[Brief descriptive captions]
.....
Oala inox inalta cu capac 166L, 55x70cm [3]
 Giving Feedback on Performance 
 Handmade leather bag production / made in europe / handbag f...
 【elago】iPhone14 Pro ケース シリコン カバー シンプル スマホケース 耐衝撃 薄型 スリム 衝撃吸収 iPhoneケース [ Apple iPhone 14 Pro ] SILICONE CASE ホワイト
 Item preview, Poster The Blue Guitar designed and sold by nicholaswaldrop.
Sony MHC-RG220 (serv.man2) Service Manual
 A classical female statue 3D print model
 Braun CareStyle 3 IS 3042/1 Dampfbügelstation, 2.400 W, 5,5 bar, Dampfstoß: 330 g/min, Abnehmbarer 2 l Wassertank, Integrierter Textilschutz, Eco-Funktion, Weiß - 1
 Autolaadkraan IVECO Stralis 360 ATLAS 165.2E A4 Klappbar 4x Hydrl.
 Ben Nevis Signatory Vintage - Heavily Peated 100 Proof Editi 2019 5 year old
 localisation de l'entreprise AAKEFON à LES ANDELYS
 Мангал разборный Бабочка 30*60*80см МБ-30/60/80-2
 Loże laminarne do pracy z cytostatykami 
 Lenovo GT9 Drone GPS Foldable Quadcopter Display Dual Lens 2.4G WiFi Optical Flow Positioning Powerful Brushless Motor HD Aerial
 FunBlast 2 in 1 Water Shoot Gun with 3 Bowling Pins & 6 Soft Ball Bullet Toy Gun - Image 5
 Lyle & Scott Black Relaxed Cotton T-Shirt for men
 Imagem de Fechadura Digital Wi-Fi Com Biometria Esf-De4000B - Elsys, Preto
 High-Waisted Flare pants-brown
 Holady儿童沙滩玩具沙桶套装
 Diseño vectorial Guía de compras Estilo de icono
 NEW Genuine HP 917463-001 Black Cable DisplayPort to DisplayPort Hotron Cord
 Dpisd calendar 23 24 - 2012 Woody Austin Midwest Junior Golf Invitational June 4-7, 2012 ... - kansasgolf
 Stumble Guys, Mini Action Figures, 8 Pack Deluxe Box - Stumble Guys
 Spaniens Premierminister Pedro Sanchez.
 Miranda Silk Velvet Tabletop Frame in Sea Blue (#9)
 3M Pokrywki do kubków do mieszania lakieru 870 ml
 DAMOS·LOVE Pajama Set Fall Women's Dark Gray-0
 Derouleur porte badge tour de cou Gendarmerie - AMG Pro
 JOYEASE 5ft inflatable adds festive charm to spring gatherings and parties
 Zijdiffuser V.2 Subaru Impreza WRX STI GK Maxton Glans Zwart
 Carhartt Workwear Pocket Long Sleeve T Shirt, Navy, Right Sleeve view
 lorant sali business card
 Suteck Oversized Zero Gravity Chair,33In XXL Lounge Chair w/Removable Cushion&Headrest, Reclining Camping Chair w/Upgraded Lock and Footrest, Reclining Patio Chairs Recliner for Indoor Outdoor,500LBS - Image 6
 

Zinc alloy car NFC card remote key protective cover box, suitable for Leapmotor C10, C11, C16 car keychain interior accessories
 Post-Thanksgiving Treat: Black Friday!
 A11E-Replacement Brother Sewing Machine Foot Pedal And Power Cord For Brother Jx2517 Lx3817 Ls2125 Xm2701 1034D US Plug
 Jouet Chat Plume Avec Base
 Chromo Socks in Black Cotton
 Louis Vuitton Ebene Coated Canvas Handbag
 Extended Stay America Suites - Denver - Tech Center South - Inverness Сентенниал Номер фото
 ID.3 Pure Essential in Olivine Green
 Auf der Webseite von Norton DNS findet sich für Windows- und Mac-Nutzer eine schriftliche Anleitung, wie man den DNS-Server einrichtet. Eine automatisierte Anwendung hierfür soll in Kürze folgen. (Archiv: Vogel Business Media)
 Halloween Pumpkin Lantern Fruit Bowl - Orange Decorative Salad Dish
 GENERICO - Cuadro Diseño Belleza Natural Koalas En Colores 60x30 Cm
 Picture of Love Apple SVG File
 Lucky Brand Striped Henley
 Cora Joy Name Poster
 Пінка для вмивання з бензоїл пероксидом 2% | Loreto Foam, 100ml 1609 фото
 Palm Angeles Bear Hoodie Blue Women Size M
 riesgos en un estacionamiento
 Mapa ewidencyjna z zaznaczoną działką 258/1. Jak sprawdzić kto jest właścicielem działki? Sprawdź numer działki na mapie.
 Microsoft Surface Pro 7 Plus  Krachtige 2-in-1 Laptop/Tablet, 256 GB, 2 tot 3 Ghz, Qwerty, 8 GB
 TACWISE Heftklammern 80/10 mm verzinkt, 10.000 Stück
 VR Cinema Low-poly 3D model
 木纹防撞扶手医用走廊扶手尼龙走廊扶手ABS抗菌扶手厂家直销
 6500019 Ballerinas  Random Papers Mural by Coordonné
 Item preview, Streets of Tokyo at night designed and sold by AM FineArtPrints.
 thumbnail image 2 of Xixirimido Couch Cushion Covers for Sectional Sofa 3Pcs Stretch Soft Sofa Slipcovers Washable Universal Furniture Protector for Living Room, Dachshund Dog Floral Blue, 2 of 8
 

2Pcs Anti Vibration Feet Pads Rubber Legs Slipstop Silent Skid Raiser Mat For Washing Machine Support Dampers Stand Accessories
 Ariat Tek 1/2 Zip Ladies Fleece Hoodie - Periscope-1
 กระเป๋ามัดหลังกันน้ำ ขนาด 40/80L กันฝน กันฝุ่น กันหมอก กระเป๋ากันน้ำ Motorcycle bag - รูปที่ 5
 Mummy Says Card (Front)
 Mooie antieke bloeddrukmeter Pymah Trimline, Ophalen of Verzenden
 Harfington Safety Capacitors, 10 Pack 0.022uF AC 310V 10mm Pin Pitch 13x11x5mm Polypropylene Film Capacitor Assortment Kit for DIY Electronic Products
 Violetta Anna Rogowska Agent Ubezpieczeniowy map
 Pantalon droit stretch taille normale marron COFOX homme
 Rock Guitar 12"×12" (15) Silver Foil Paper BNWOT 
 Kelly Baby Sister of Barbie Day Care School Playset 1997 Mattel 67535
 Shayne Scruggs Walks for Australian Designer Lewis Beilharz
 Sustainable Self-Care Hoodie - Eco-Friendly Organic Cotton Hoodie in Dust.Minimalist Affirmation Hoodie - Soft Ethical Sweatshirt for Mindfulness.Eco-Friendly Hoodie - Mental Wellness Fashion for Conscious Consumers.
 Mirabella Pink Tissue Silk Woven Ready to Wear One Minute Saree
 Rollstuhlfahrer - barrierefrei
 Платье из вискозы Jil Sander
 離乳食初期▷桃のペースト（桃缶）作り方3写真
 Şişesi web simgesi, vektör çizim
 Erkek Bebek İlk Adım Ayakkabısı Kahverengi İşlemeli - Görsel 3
.....
§ **Task to carry out**
Take every line from the data that includes the word "Cord".

§ **Response to this task**
 NEW Genuine HP 917463-001 Black Cable DisplayPort to DisplayPort Hotron Cord
 A11E-Replacement Brother Sewing Machine Foot Pedal And Power Cord For Brother Jx2517 Lx3817 Ls2125 Xm2701 1034D US Plug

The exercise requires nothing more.